その隣の店は「よかろう六本木店」。こちらはまたどこかで
再開したい旨が書かれてある。

その隣が「三州屋」である。





白い大きなのれんをかき分けて店内に入ると、客同士が向かい合わせになるような2つの直線カウンターが店の中央を貫いている。
その直線カウンターに仕切られるように、右には20数席のテーブル席、左には15人分ほどの小上がりの座敷席と両側に展開。

お通しは小鉢にたっぷりのシラスおろし。
三州屋の共通のメニューは「とり豆腐」。鶏の水炊きを丼鉢に盛ったもの。
メニューは極太の焼きたらこ。どじょうの丸煮など、どれも500、600円で済ませられる。

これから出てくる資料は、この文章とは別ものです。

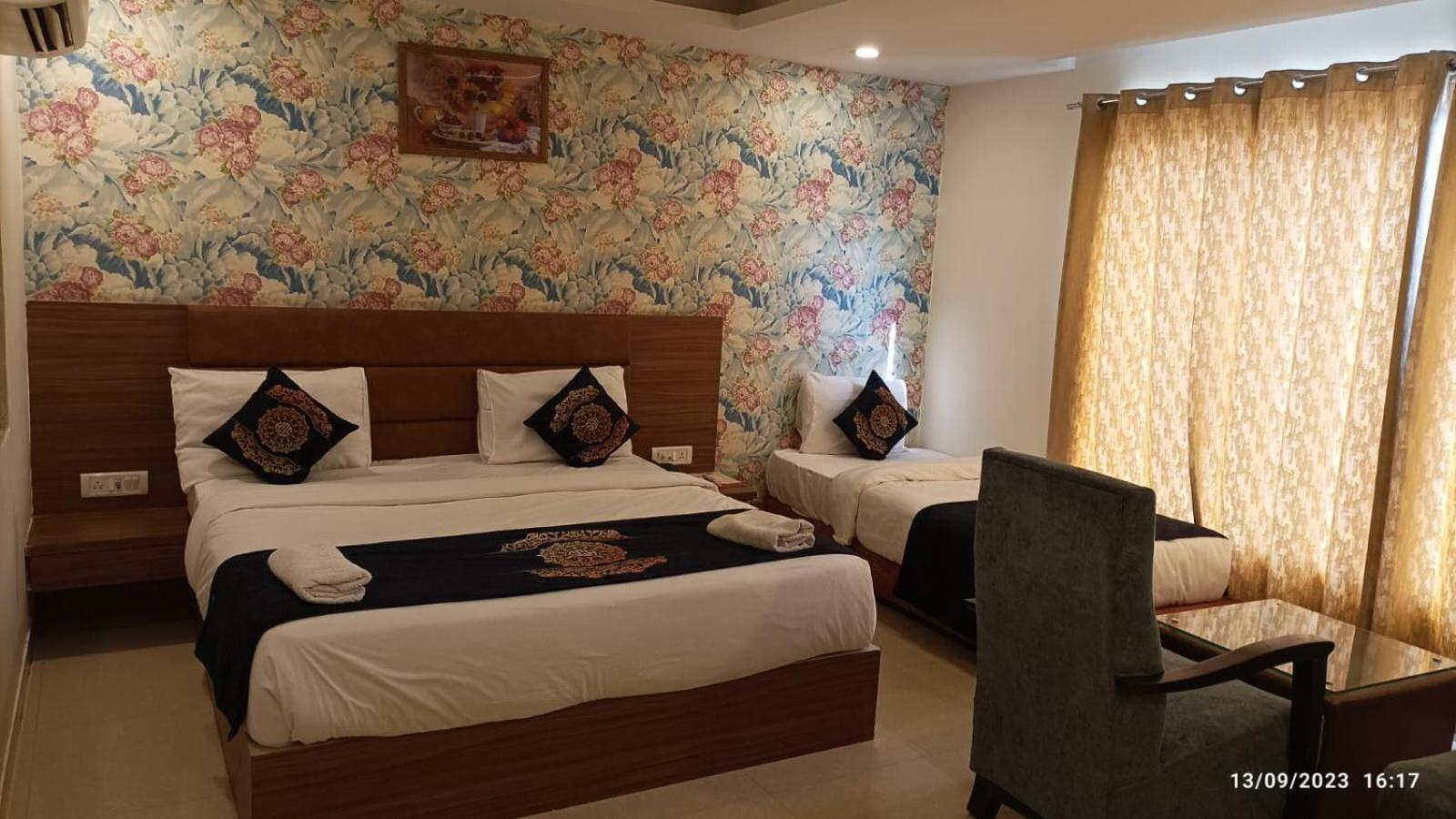 Grand By D'capitol Near Igi Airport New Delhi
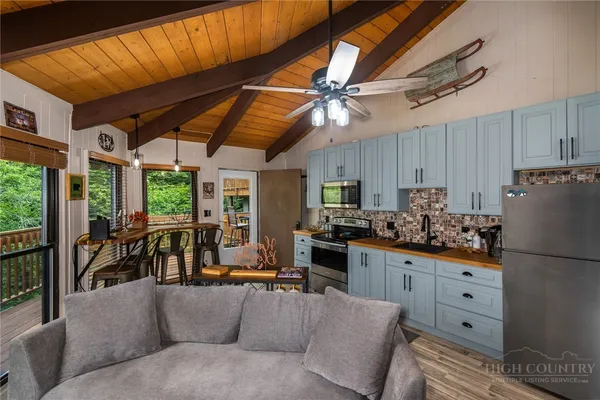 $189,000 | 107 Beechwood Lane, Unit C3, Beech Mountain, NC 28604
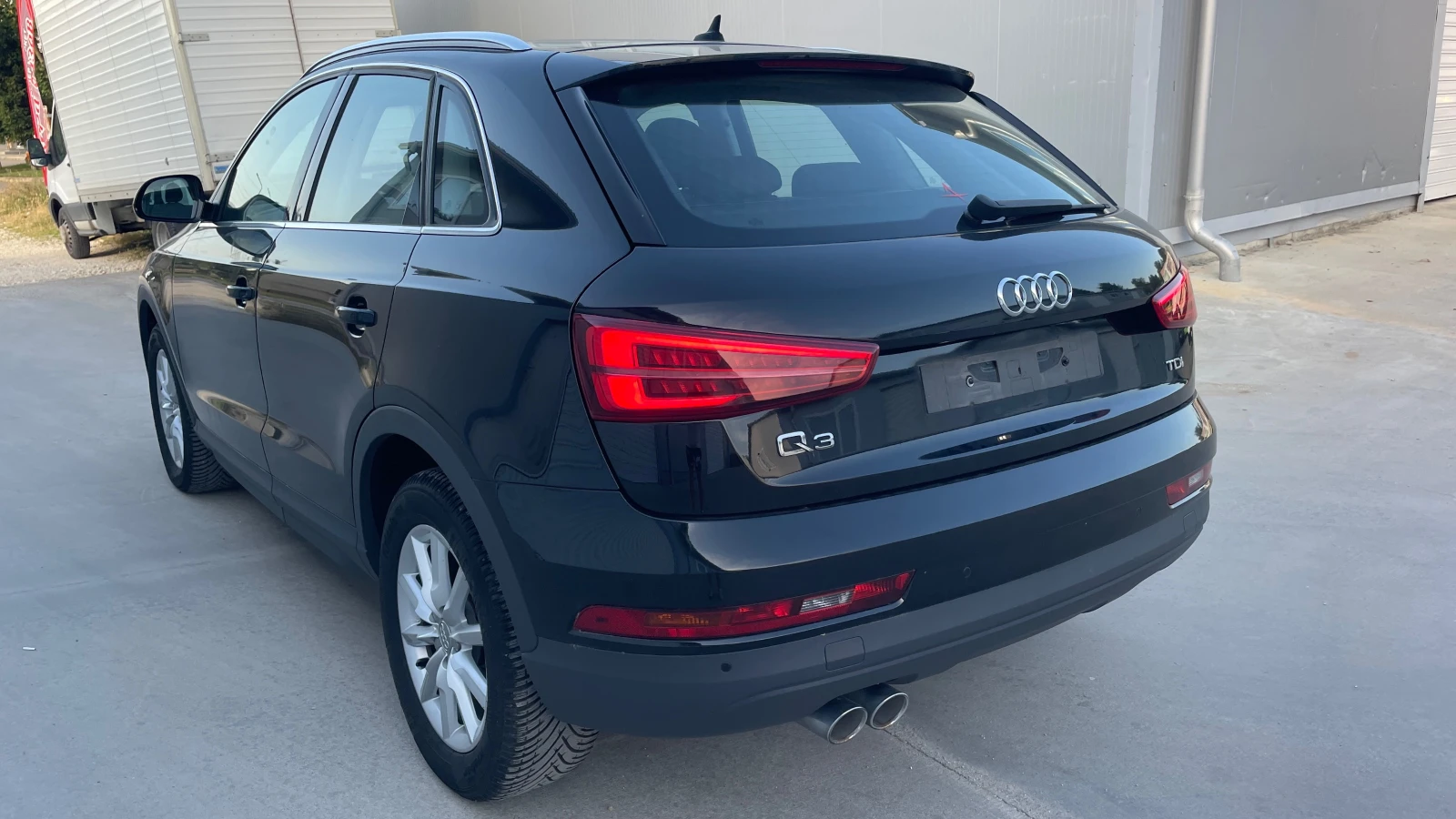 Audi Q3 Sportback 2.0TDI/FACELIF/100%РЕАЛНИ КМ./ - изображение 3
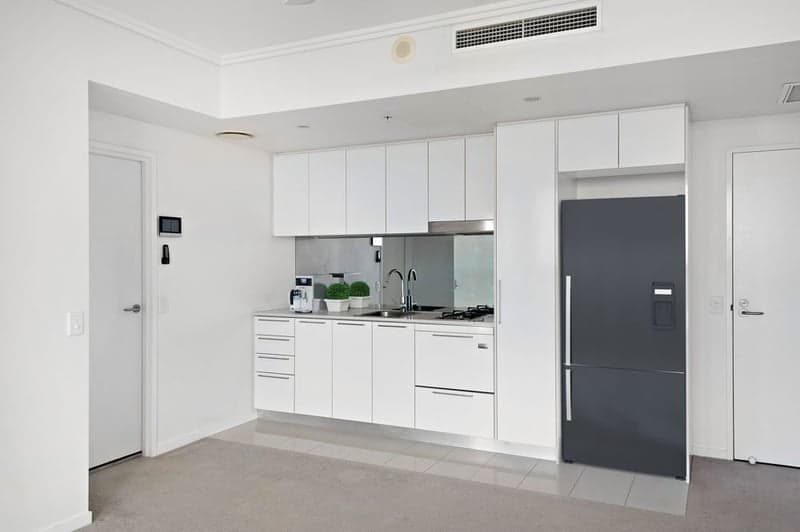 8 Harbour Road, Hamilton - Thumbnail 2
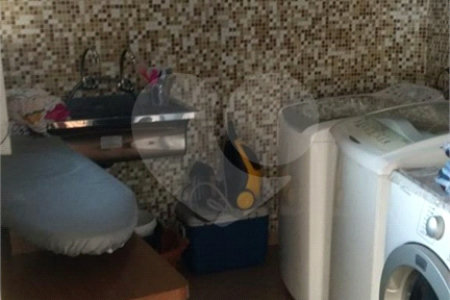 Casa à venda com 4 quartos, sendo 1 suíte, em Sacomã, São Paulo, SP
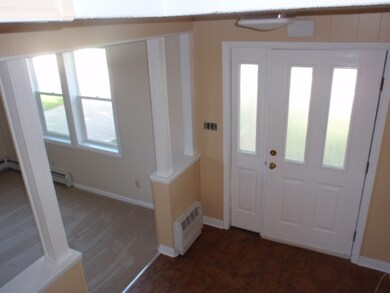 28 Jackson Ave, Rutland, VT 05701 - photo 3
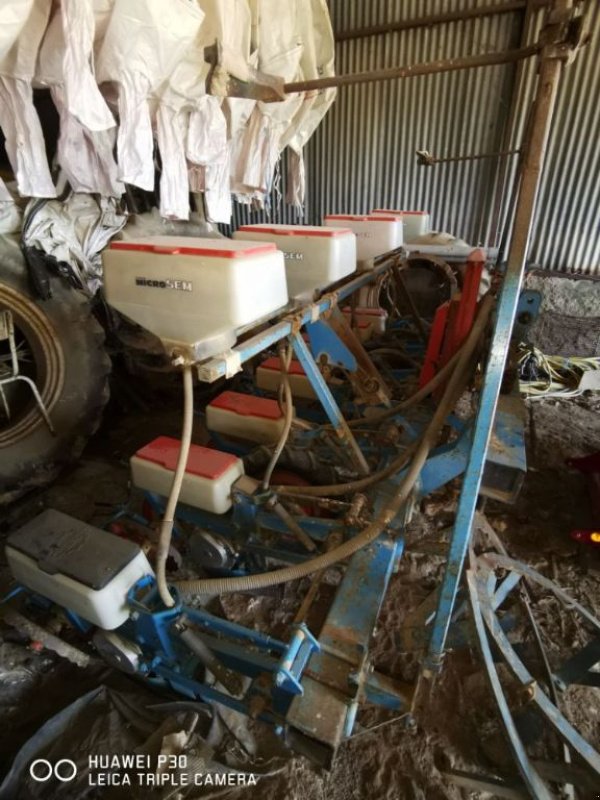 Einzelkornsägerät of the type Monosem PNU, Gebrauchtmaschine in FRESNAY LE COMTE (Picture 1)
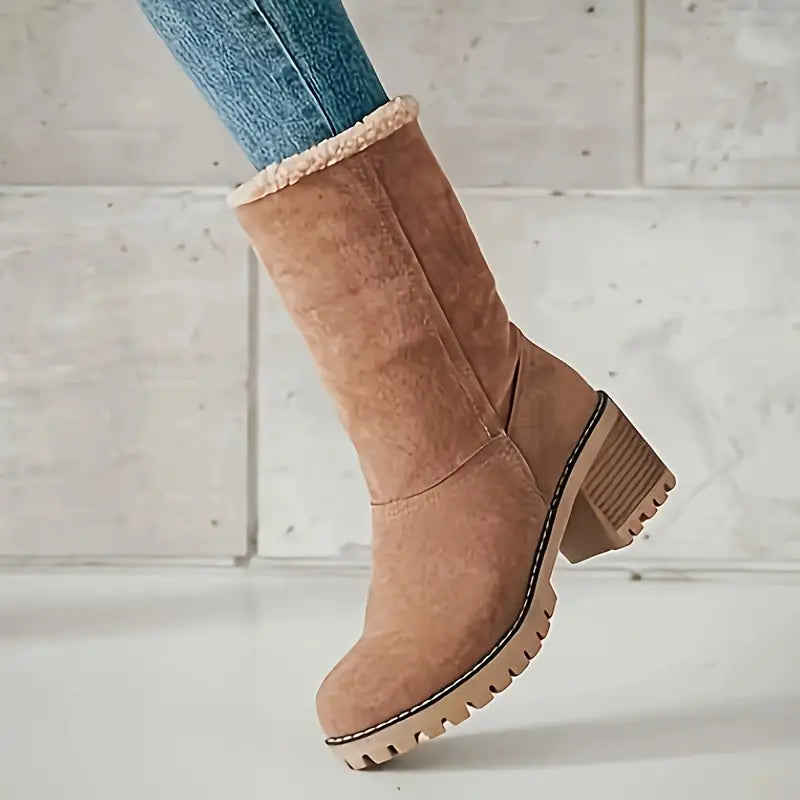 Snow boots with fleece lining and mid-height shaft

生玉子は無料なので、ご飯をもらって最後は玉子かけご飯でシメるというのが通の定番。



さて。
「全国居酒屋紀行」などを著している呑んべえのカリスマ・太田和彦氏の弁によれば、
「世の中の変化の速度が人間の限界点を超えつつあって、その変化に疲れた心身を浄化
 させる場という役割を居酒屋が果たしている」という。

この店のカウンターには足元に仕切り板がなかったので、うっかりすると反対側に座っていた
人の足を蹴ってしまい、お互いが会釈し、謝ることもよくあったという。
人にぶつかっても、靴を踏んでも何も言わない人が増えた今、
最も尊く、最も微笑ましい光景がこの居酒屋には残されていた。


女将は店を閉めて驚いたことがある。
こんなに店の再開を待ち望んでいる人がいるのか、と。
ありがたい一方で、「場所がない」ともつぶやく。
お客さんの声が消えない限り、またどこかで開くだろう。いやきっと開いて欲しい。
「そのときはお知らせします」という言葉が頼もしく聞こえた。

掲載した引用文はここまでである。